### Work task
Omit the pictures while printing every entry below exactly as given.

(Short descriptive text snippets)
○ ○ ○ ○
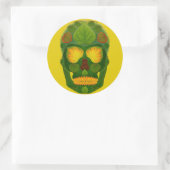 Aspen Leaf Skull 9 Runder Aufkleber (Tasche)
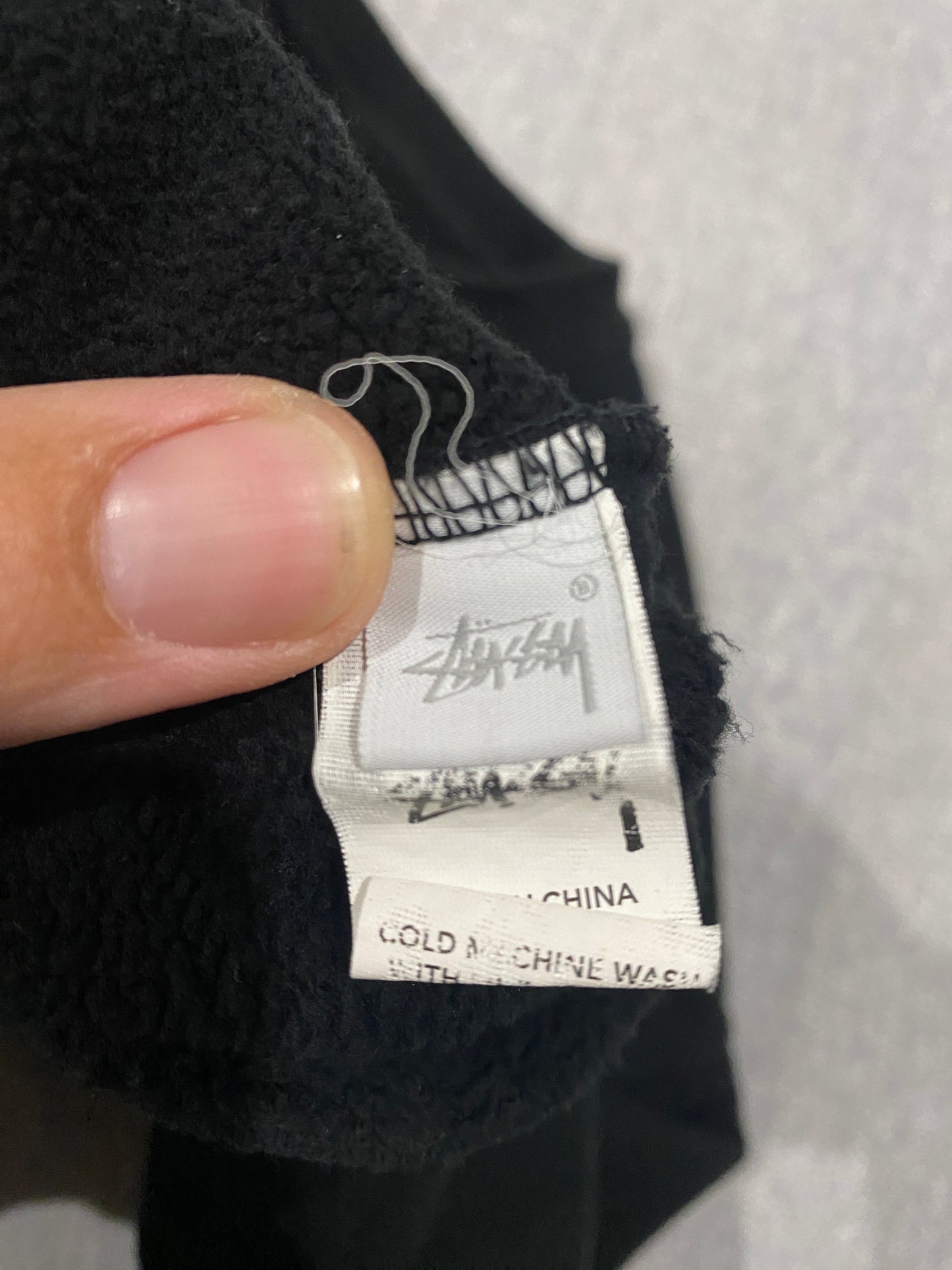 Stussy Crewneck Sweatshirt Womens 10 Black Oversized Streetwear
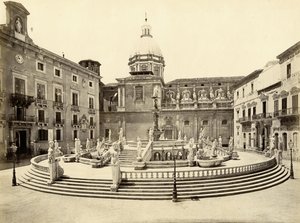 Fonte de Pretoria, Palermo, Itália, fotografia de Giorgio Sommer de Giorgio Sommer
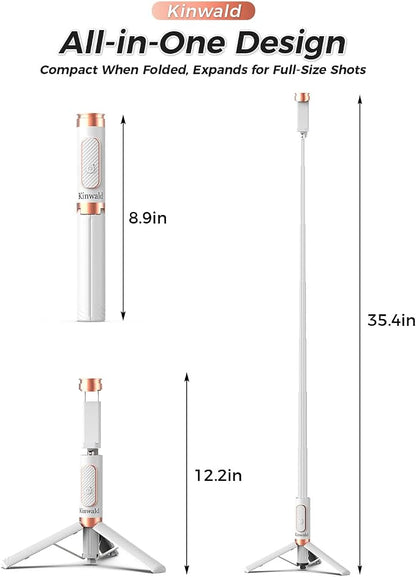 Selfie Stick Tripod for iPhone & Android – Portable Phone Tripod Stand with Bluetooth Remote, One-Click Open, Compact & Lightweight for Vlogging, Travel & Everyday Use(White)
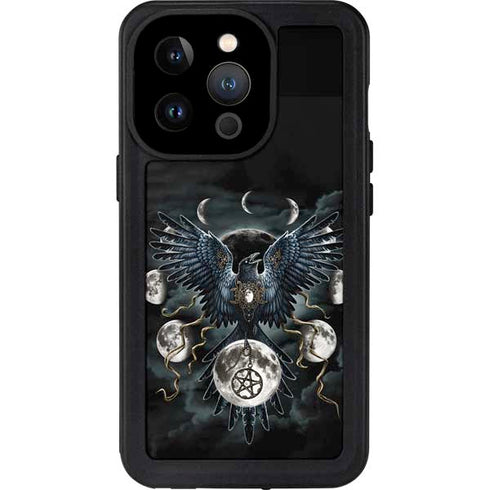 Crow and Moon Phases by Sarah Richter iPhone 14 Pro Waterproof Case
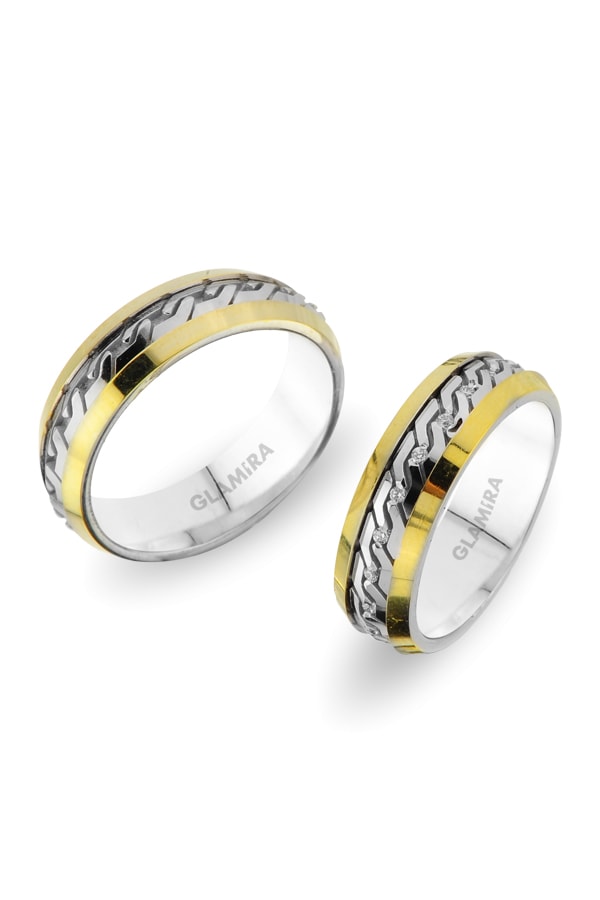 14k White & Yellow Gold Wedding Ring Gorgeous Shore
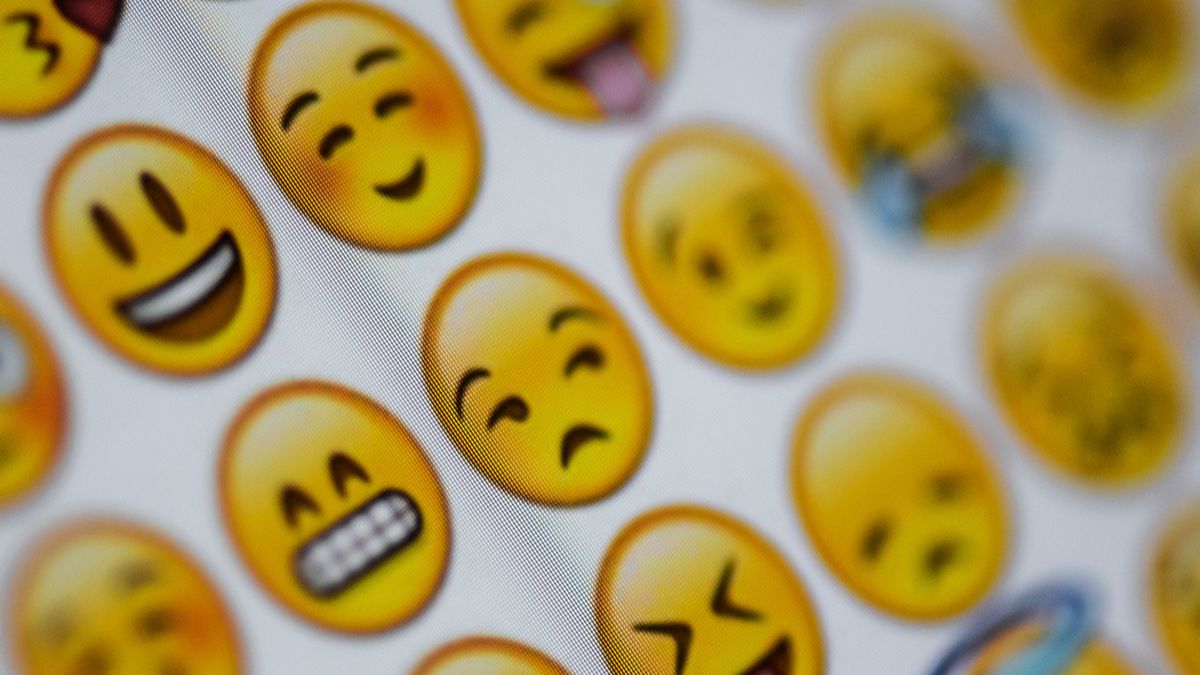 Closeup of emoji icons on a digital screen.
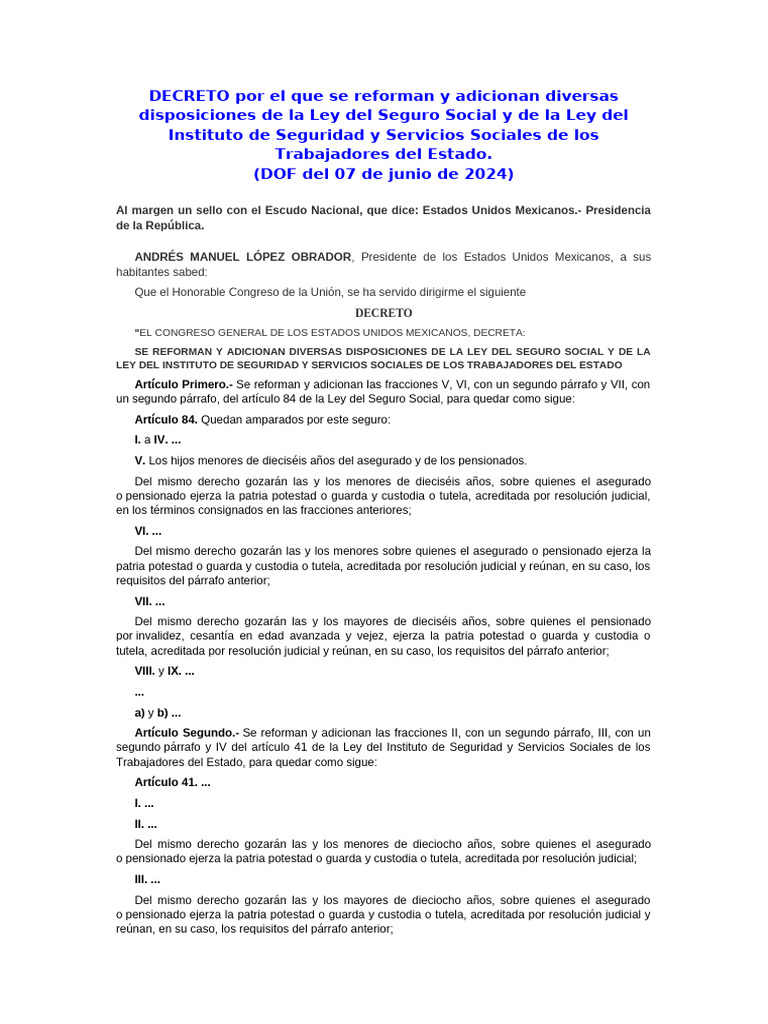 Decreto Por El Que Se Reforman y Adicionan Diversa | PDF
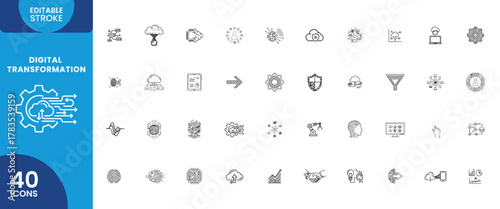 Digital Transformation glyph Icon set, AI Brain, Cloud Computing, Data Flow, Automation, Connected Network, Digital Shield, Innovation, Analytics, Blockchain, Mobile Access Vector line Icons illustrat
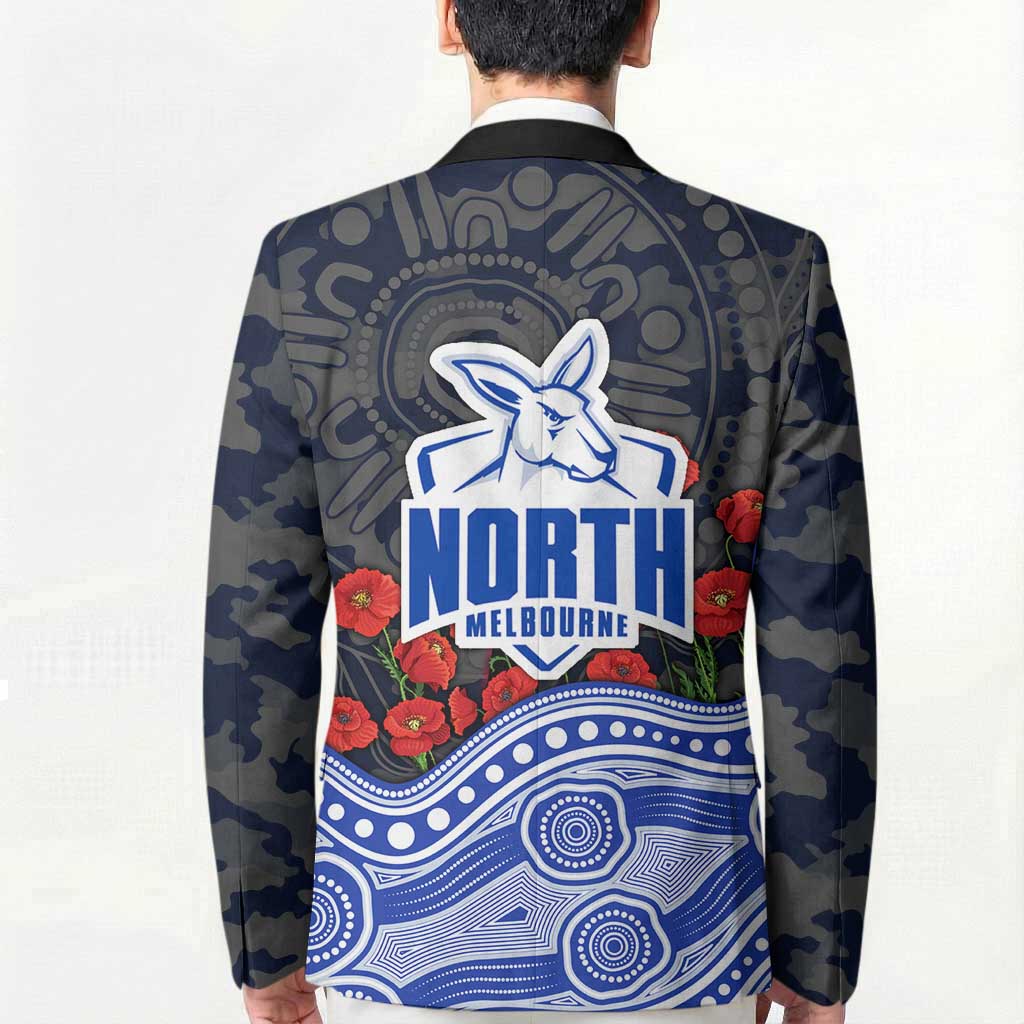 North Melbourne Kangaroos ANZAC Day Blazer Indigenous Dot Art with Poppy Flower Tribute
○ ○ ○ ○
### Answer space
 Aspen Leaf Skull 9 Runder Aufkleber (Tasche)
 Stussy Crewneck Sweatshirt Womens 10 Black Oversized Streetwear
 Fonte de Pretoria, Palermo, Itália, fotografia de Giorgio Sommer de Giorgio Sommer
 Selfie Stick Tripod for iPhone & Android – Portable Phone Tripod Stand with Bluetooth Remote, One-Click Open, Compact & Lightweight for Vlogging, Travel & Everyday Use(White)
 Crow and Moon Phases by Sarah Richter iPhone 14 Pro Waterproof Case
 14k White & Yellow Gold Wedding Ring Gorgeous Shore
 Closeup of emoji icons on a digital screen.
 Decreto Por El Que Se Reforman y Adicionan Diversa | PDF
 Digital Transformation glyph Icon set, AI Brain, Cloud Computing, Data Flow, Automation, Connected Network, Digital Shield, Innovation, Analytics, Blockchain, Mobile Access Vector line Icons illustrat
 North Melbourne Kangaroos ANZAC Day Blazer Indigenous Dot Art with Poppy Flower Tribute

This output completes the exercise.